> **Working data**
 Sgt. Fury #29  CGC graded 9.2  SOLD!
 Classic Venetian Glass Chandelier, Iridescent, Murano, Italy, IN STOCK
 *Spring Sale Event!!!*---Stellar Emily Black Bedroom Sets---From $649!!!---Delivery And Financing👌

...

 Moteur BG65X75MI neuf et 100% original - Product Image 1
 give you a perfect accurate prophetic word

--

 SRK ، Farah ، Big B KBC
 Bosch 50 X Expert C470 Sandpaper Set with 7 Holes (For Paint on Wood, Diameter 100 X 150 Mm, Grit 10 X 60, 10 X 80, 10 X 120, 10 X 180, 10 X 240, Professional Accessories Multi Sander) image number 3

> **Task goal**
Beginning with the line above that contains "Sgt. Fury #29", copy each line exactly up to and including the line that contains "Sets---From $649!!!---Delivery And Financing👌", and go no further.

> **Exercise response**
 Sgt. Fury #29  CGC graded 9.2  SOLD!
 Classic Venetian Glass Chandelier, Iridescent, Murano, Italy, IN STOCK
 *Spring Sale Event!!!*---Stellar Emily Black Bedroom Sets---From $649!!!---Delivery And Financing👌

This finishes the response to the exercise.